Implementation Science

NIH defines implementation science as the study of “strategies to adopt and integrate evidence-based health interventions and change practice patterns within specific settings.” It answers questions such as, “Why do evidence-based interventions lose effectiveness over time in real-world settings?” and “How do interventions need to be applied to various settings to maintain effectiveness?” When interventions shown to be efficacious in the controlled environment of clinical trials are applied to the real-world where there is greater population variability and the inability to maintain control over environment and patient response, it is important to evaluate for maintained effectiveness.

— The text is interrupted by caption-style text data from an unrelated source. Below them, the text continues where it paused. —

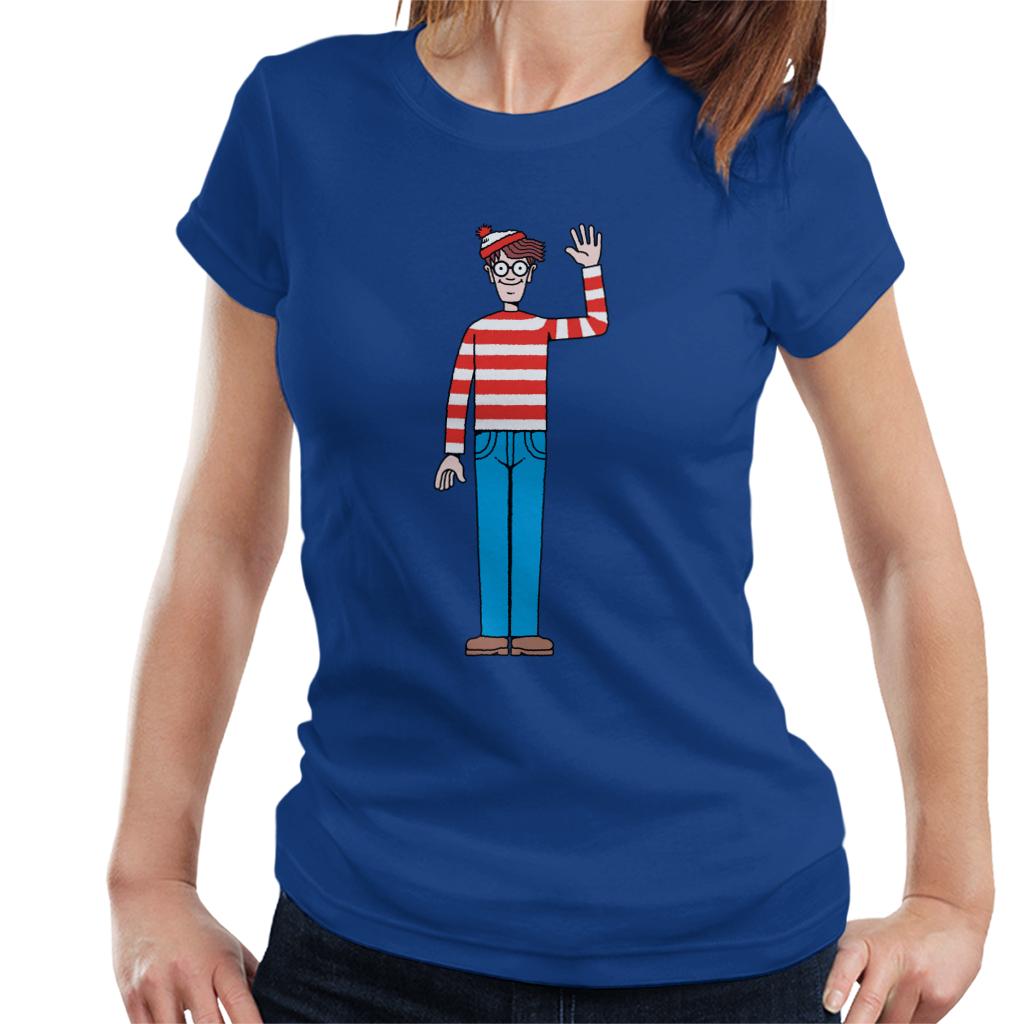 Where's Wally Waving Women's T-Shirt-ALL + EVERY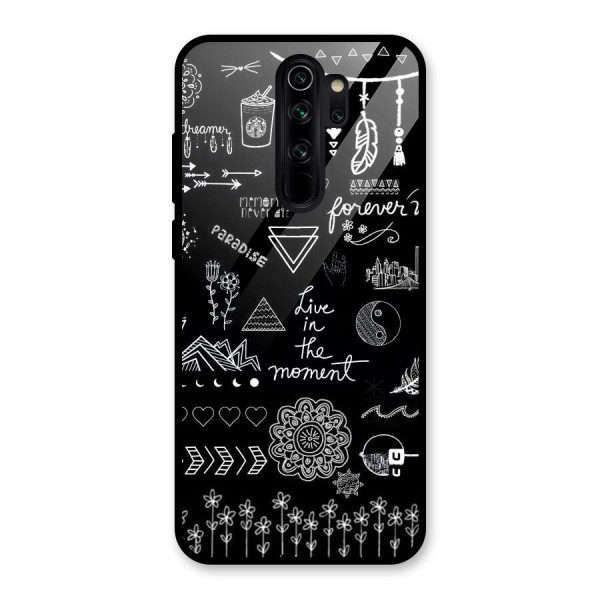 Forever Moment Glass Back Case for Redmi Note 8 Pro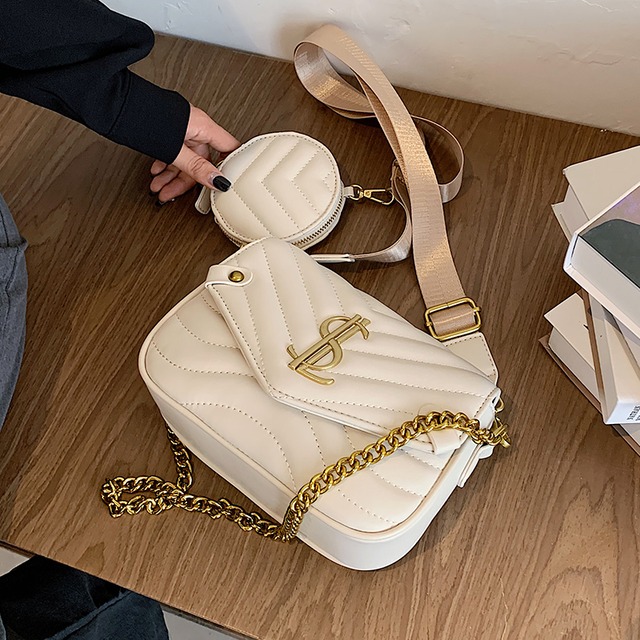 小さなバッグ女性の感覚2020人気の新しい流行のファッションチェーンワンショルダーメッセンジャーバッグネット赤絵母小さな正方形バッグ Tiancai_Wing_Bag8045652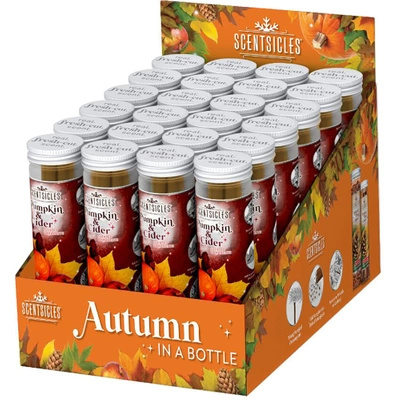 Display zbiorczy patyczki zapachowe na choinkę Pumpkin and Cider Scentsicles 24 szt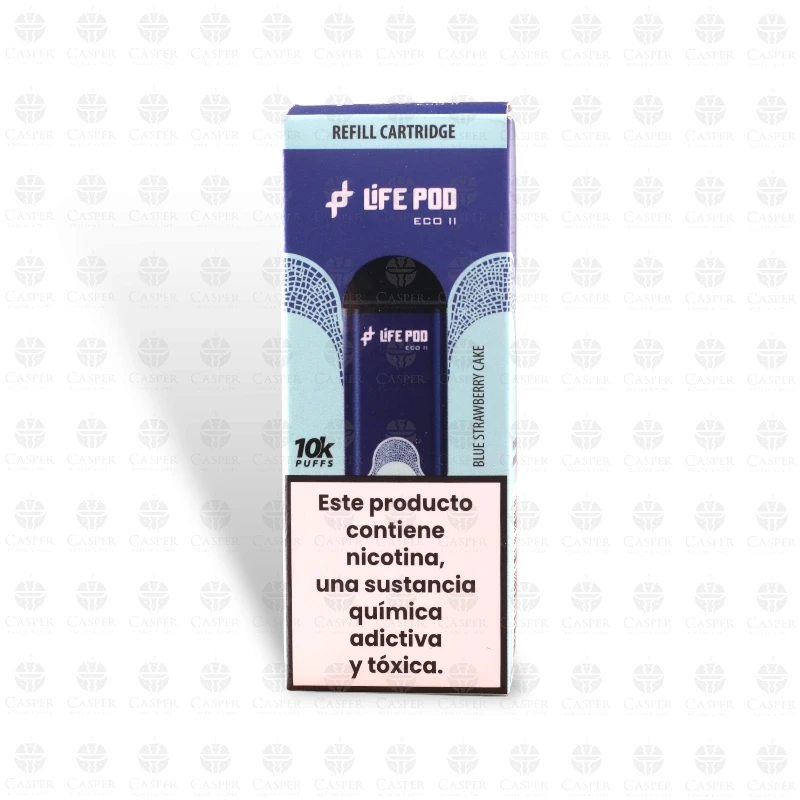 LIFE POD ECO II CARTUCHO 10000 PUFF BLUE STRAWBERRY CAKE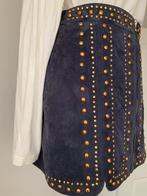 Ibana - korte rok in blauwe suède *new* size 36, Enlèvement, Taille 36 (S)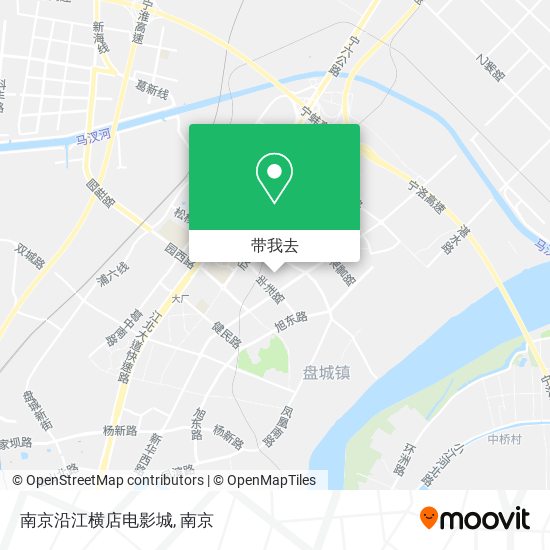 南京沿江横店电影城地图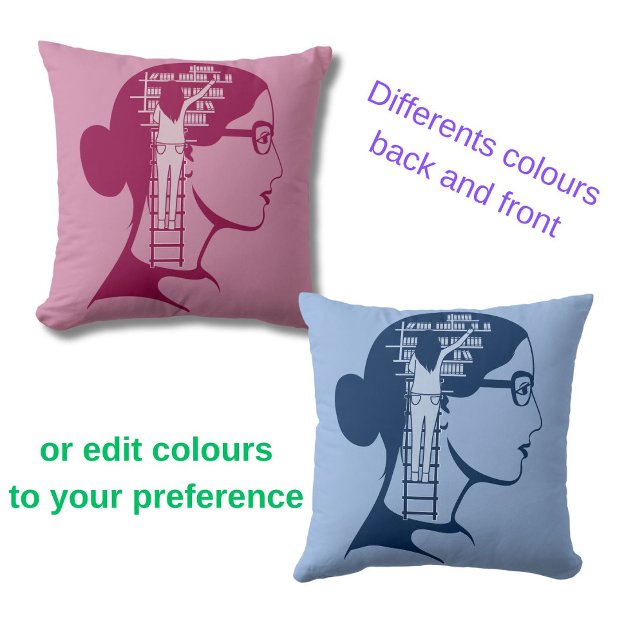 Bibliothek für Buchliebhaber Kissen (Von Creator hochgeladen)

Implementation science frequently employs hybrid study designs. Hybrid designs provide a structure for the complex process of collecting two entirely different types of information: implementation (how well the intervention is taken up by the clinical sites) and effectiveness (the clinical impact of the intervention). The choice between Type I, II or III hybrid designs depends upon the amount of underlying effectiveness data. Studies of interventions with limited effectiveness data are best suited to a Type I design where primary outcomes are effectiveness and secondary outcomes focus on implementation. The reverse is true for Type III studies with Type II studies being somewhere in between. All hybrid studies have a phased study design: pre-implementation, implementation and post-implementation.  


CAGPM has developed two hybrid implementation-effectiveness trials (one on-going) that evaluate implementation and effectiveness of a web-based risk stratification tool, MeTree, within the primary care setting. We are evaluating MeTree in ethnically and geographically diverse settings to understand how changes to setting and population affect implementation efforts. Our current study is based on the RE-AIM framework and the Weiner organizational model of innovation implementation. Both qualitative and quantitative measures are used to understand both generalizable and specific barriers to implementation across clinics. At the end of the study, clinic-type templates will be developed to serve as road maps for broader implementation of similar IT tools.

CAGPM is also collaborating on a clinical trial evaluating implementation of MeTree within the Veteran Affairs Healthcare System. Primary care providers are randomized to immediate or 12-month delayed MeTree report availability. The primary outcome measured is difference in rates of identification of patients at increased risk for colorectal cancer (CRC) and differences in referral for increased risk screening and genetic counseling for CRC risk.